* Records supplied:
○ ○ ○

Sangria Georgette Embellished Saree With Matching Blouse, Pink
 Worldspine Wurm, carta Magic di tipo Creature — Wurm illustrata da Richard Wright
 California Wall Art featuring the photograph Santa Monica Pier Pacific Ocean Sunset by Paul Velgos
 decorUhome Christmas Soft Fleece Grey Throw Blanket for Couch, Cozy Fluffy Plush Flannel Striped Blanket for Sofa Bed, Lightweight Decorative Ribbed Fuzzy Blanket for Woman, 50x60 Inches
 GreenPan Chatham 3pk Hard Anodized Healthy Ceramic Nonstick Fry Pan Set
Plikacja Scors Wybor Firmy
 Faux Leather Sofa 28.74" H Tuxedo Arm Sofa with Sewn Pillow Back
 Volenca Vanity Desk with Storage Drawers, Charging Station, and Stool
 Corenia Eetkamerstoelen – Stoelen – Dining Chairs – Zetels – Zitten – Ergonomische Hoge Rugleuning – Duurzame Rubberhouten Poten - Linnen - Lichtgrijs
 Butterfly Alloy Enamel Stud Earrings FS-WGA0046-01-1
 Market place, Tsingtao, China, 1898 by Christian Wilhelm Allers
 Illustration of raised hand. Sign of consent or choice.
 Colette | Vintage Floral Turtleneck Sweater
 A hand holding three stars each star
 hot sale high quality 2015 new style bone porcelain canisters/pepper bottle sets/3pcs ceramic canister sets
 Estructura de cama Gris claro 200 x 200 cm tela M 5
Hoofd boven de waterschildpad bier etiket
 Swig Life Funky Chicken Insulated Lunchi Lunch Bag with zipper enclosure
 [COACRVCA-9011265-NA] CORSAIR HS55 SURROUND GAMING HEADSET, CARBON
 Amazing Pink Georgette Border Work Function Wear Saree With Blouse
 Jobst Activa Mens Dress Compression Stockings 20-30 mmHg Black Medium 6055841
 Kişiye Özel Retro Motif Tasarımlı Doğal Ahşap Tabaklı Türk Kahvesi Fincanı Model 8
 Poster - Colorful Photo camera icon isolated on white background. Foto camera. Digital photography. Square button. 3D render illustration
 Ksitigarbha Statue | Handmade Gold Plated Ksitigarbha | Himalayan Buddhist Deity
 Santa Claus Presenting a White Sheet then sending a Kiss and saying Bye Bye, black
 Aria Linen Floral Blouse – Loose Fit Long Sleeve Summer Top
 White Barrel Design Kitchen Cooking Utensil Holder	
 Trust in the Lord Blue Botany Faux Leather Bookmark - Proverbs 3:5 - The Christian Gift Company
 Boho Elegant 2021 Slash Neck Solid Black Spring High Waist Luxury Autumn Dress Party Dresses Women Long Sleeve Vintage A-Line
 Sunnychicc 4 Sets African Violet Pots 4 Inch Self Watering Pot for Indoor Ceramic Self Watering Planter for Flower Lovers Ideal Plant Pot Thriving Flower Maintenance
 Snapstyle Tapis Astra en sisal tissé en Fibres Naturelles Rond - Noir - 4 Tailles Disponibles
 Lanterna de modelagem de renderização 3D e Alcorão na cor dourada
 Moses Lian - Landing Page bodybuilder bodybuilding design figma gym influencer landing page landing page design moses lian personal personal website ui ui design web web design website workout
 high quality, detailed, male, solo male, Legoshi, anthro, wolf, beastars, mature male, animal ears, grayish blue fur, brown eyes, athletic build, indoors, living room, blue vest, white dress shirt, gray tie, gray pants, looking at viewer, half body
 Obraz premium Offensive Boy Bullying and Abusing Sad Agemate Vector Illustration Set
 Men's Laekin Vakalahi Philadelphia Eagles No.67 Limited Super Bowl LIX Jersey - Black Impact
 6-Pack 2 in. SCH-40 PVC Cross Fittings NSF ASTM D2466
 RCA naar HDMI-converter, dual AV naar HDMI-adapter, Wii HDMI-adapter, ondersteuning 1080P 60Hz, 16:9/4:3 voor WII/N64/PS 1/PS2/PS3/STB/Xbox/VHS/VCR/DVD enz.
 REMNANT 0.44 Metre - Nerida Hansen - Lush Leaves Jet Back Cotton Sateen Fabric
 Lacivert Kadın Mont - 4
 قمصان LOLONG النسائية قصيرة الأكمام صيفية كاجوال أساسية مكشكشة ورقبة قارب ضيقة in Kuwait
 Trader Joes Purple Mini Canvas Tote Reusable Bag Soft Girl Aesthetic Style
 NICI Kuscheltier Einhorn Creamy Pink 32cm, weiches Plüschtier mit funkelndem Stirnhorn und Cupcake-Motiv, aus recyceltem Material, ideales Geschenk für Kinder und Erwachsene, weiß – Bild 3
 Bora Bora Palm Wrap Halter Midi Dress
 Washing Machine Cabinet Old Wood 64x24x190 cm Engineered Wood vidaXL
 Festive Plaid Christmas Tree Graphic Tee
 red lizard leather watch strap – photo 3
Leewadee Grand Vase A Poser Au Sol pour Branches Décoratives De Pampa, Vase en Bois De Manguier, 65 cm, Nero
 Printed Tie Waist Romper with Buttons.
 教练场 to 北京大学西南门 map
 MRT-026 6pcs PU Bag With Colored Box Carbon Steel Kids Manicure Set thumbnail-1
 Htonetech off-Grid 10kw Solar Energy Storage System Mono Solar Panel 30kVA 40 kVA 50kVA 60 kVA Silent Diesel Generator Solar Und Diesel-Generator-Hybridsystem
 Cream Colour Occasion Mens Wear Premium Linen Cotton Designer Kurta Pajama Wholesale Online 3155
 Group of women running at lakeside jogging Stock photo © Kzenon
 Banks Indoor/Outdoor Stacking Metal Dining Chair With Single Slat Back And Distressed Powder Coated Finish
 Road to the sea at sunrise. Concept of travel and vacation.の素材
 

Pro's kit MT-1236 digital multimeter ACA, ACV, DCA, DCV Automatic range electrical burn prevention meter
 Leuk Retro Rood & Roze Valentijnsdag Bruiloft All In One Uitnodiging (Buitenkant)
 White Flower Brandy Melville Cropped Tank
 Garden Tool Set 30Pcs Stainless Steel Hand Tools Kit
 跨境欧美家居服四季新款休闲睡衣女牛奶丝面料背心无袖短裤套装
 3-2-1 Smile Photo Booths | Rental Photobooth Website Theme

○ ○ ○

* What you should do:
Looking at the records above, how many lines have the word "Flower" in them? State the number only.

* Finished task:
2